Clerk: No ‘drastic’ changes in city redistricting
Published 11:59 pm Friday, September 16, 2011
District 1 residents are the only ones who will see no changes as the City of Troy undergoes redistricting this year.
Alton Starling, city clerk, said while the redistricting process has been much easier than 10 years ago, recent U.S. Census results still called for shifts in population between four of the districts.
“District 2 had the largest growth and District 5 had the least growth,” Starling said. “So we basically moved part of District 2 – the area around Alumni Hall, sorority housing and near the baseball fields at Troy University – into District 5.”
According to Alabama Code, each district must have about the same population – not necessarily the same number of registered voters. With limits of a 10 percent deviation between districts, the city was challenged with adjusting district lines to meet those population guidelines after the recent Census.
“The optimum number for each district is 3,607,” Starling said. That means in the case of District 2, which saw the greatest growth, some 500 people were “moved” in redistricting. Seventy people switched between Districts 3 and 4. Areas affected in that change include First and Second Avenue, Brundidge Boulevard, Thompson Street, Camellia Street and Mullis Street, among others.
“There are not a lot of drastic changes,” Starling said. “The core of the council members’ districts remained the same.”

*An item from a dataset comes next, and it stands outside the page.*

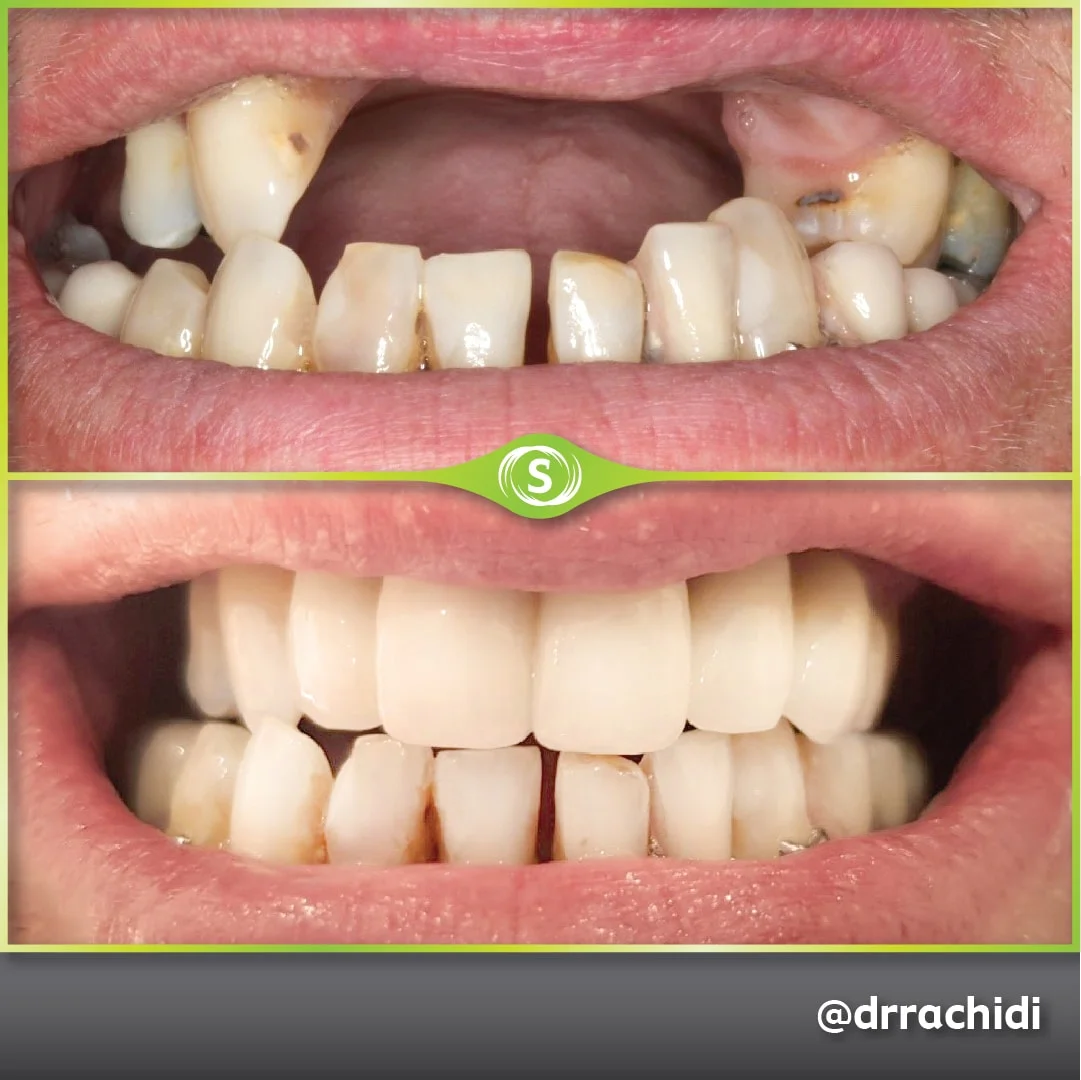 B&A Implant KR 1-min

In addition to the 10 percent variance restriction, redistricting guidelines state that all district lines must be contiguous, meaning they must stay intact, and compact; no council member may be moved out of a district in the redistricting process; and the new lines cannot dilute minority population percentages in any district.

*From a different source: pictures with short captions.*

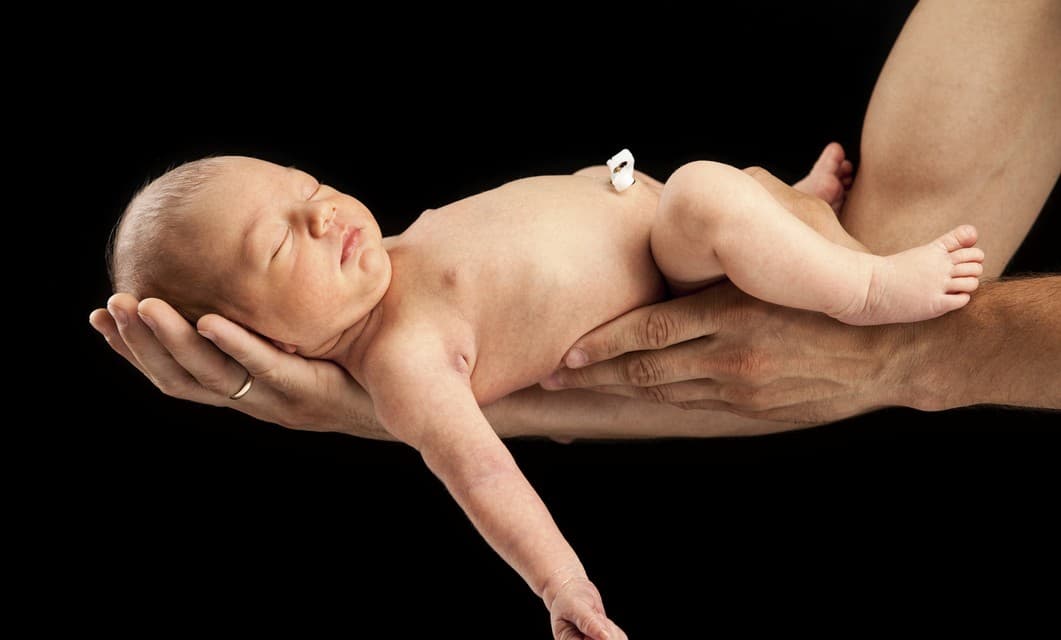 Así puedes identificar si tu bebé tiene granuloma umbilical y cómo debes tratarlo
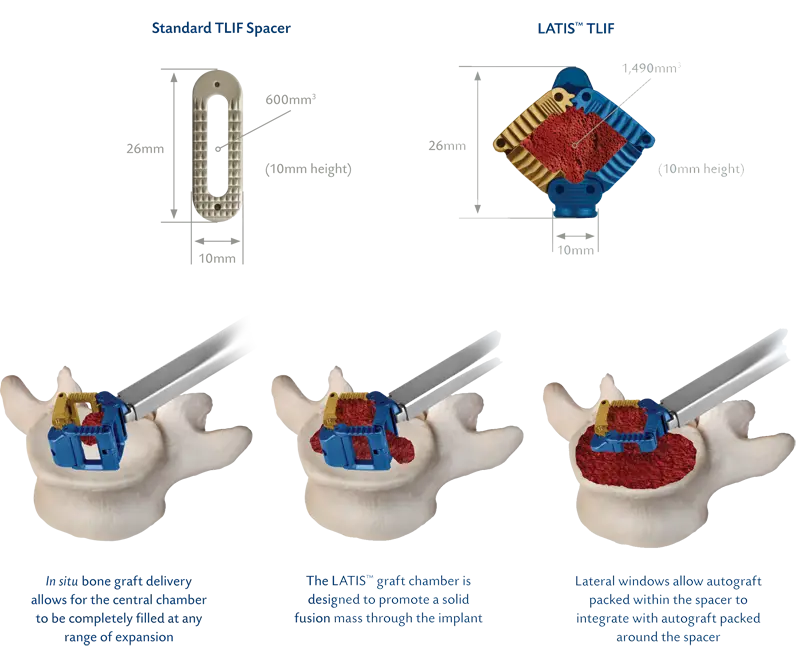 Spinal Implant Procedure Diagram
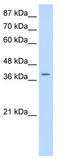 Lysine Acetyltransferase 6B antibody, TA343698, Origene, Western Blot image 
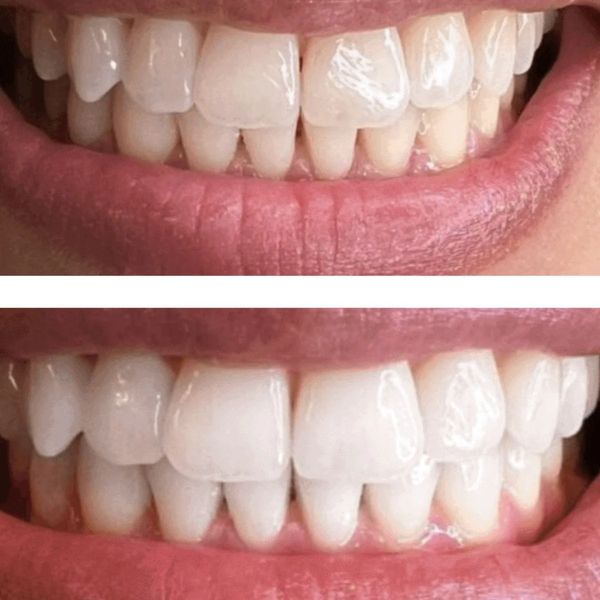 Comparison of teeth before and after whitening treatment.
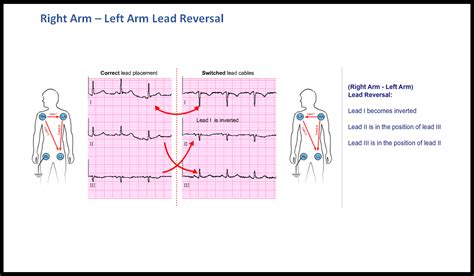 T19 Lead Errors Ecg Made Simple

“Basically District 2 moved easterly, away from Troy University; District 3 moved slightly north and west; District 4 moved slightly west; and District 4 moved westerly toward Troy University.”
Starling said he plans to explain the details of the changes, as well as provide visual maps for residents, at a Sept. 26 public hearing. The hearing begins at 5 p.m. at City Hall.

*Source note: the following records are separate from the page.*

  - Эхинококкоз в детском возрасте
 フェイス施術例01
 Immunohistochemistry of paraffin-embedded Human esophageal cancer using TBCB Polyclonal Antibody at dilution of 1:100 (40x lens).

“I’d just encourage people to come and participate and learn where the district lines will be because it does affect them,” Starling said.
Municipal elections will take place in August 2012, and Starling said the city will send notifications to all registered voters after the March presidential and county primaries detailing their new districts. “I hope to be able to work with Melissa Ingram, registrar of voters, to get these new districts in place before she sends out her voter cards,” he said.